I struggled with what to feed him.
“Que quieres comer?”
He wants a taste of everything.
Really? Cuban food? American food?
Rather than guess, I decided it would save me a lot of time and energy if I just asked if there was anything specific he was craving.
He responded that since I was asking, he was kind of looking forward to having a good old-fashioned steak. I was ready to immediately go pick up some rib-eyes and slap them on the barbecue (which I’m sure he wouldn’t have objected to, but that’s not important right now), when he suddenly got a kind of wistful expression and launched into the description of the steak of his dreams;
Thinly sliced, tender, marinated with garlic and lime, smothered in crisp onions, and sprinkled ever so slightly with fresh parsley. He actually closed his eyes when he got to the part about the fresh parsley.
To be honest, it was a little heartbreaking.
“Con mucho gusto.”
I was going to do whatever it took to recreate that moment that was obviously stuck in his memory from much happier times. I went to the butcher and got some top sirloin and asked him to please slice it paper thin. He asked me three times if I was sure I wanted it sliced so thin. That beautiful cut? Was I sure? He almost cried, but did it according to my specifications. (If he had been a Cuban butcher there wouldn’t have been even a moment’s hesitation, but that’s not important right now).
I went home and I could barely prepare the steaks and marinade through my tears.
I served the steak and he took the first bite. It was perfect, he said. Just perfect. Exactly what he wanted and it tasted exactly how he dreamed it would. Even better, he said, because he could feel the love with which it was prepared. He was so, so very grateful. Of course he wanted to know my secret.
I didn’t have the heart to tell him that my secret ingredient was the ocean of salty tears that I cried while I was preparing the marinade. Apparently they must taste just like love. Who knew?
Bistec de Palomilla
3 lbs. Top Sirloin steak – sliced very thin
10 garlic cloves – diced
juice of 2 fresh limes
1 yellow onion thinly sliced
salt and coarse black pepper to taste
olive oil (twice around the pan)
3 Tbsp. Fresh chopped parsley
1) Rub about 2/3rds of the garlic into the steaks on both sides
2) Squeeze the juice of one of the limes onto the steaks.
3) Season with salt and pepper to taste.
4) Place the steaks into a plastic ziplock bag.
5) Add the sliced onion to the bag.
6) Place the bag in the refrigerator and allow to marinate – preferably overnight, but at least for one hour.
7) Remove the steaks from the marinade and pat dry. Reserve the marinade. Set the onions aside.

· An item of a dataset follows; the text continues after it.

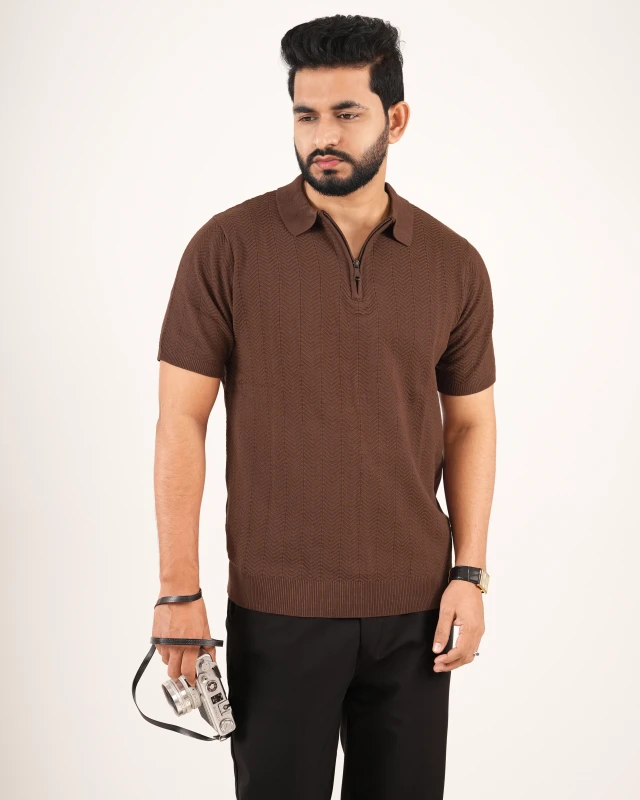 Premium Half Zipper Knit Structured Polo - Coffee Essence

8) Heat olive oil in a large frying pan.
9) Fry the steaks quickly about 1 minute per side and remove to a warm platter.
10) Squeeze the juice of the other lime into the pan and stir, this will “clean” any burnt bits from the pan.
11) Add the remaining marinade, onions and garlic to the lime juice and quickly stir together over medium heat for about 5 minutes. The onions should still be crisp and the garlic should not be brown.
12) Pour the onion mixture over the steaks on the platter. And garnish with the chopped fresh parsley.
VERY IMPORTANT: Close your eyes and savor that first bite and thank God for freedom.